José María Paz Goday, Chairman of Reganosa, on how a liveable world for future generations is a priority and what part energy management can play in achieving this goal
The biggest concern for political and financial leaders in today’s world, with some undesirable exceptions, seems to be leaning towards sustainability, based on the conviction that current generations must leave behind a liveable world. One of the main concerns when it comes to sustainability has become the fight against climate change.
Thus, the primary goal is to minimise the effects of human activity on the planet’s climate so humans do not to become a long-term destabilising element. Energy management, therefore, became a primary focus since it is one of the key elements to maintain the quality of life in modern societies. In this regard, renewable energy sources represent one of the most promising solutions for such a future.
ANTAGONIST AND PROTAGONIST
In most movies there is always an antagonist alongside the protagonist. Here, the role of antagonist has been given to fossil fuels since they are one of the main sources of CO2 emissions. They produce an increase in global temperature and different types of environmental disorders. In this scenario, gas must play an essential role to boost the energy transition. This is possible due to its own intrinsic characteristics including zero particles, SO2 and NOx emissions, and lower CO2 emissions compared to other traditional fuels. However, these are not the most important characteristics by which natural gas should be judged.
Natural gas has demonstrated itself as an essential element to support renewables. Most renewable energy technologies including solar, wind, marine and others, need a backup to integrate them into the power supply system due to their intermittent and unpredictable nature, something which power generated with natural gas has proven to provide in a flexible and efficient manner.

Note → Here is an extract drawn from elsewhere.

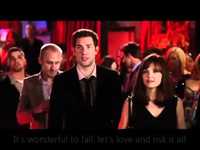 pochette album A little too much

Apart from this, the natural gas system is also best positioned for integrating renewable gas into its operations, such as biogas or hydrogen, produced by harnessing surplus power generated by renewable energy systems. Additionally, natural gas, in particular its liquefied form, is a key alternative fuel for the road and maritime transportation of general goods and people or even fishing activities, contributing to further minimising its associated environmental impact.

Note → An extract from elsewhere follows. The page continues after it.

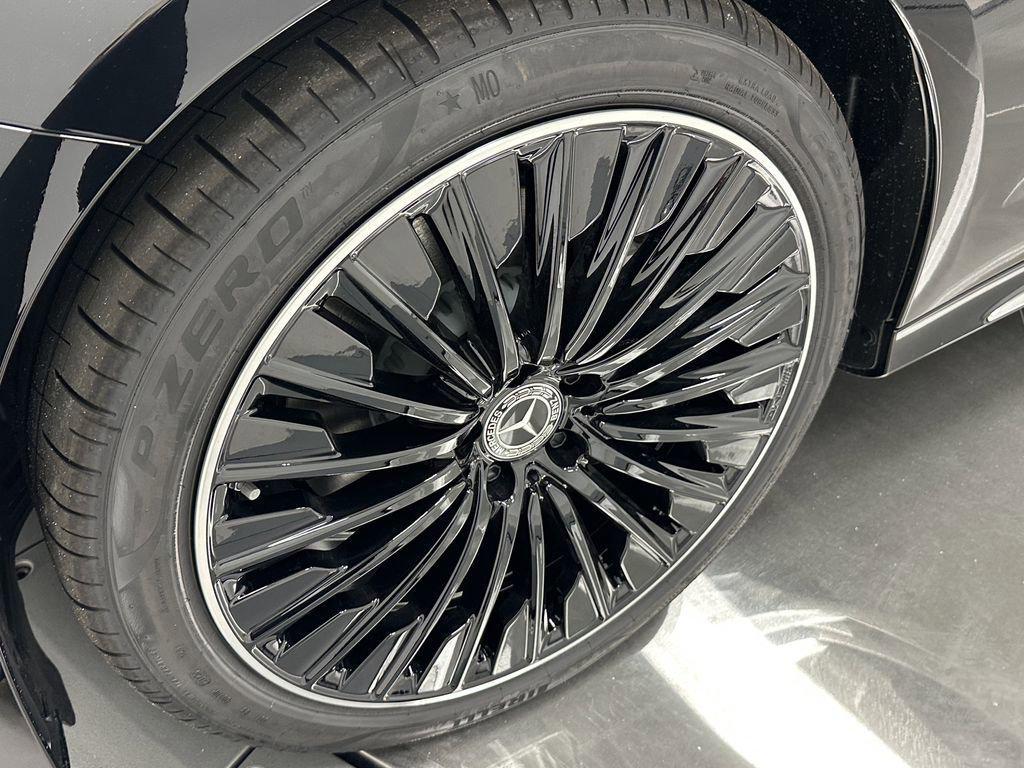 new 2026 Mercedes-Benz E-Class car, priced at $80,580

The support of political authorities is required here to develop the regulatory and industrial framework that will help to develop solutions and necessary support infrastructures. This should be compatible with the use and protection of existing infrastructures that are deemed useful, while obsolete infrastructure that only add costs to the supply system, should be replaced. Industry decision-makers will need to innovate and search for new business opportunities that will allow new applications for natural gas and its associated infrastructures, while assuming risks associated to business ventures and avoiding those that are only guided by political interests.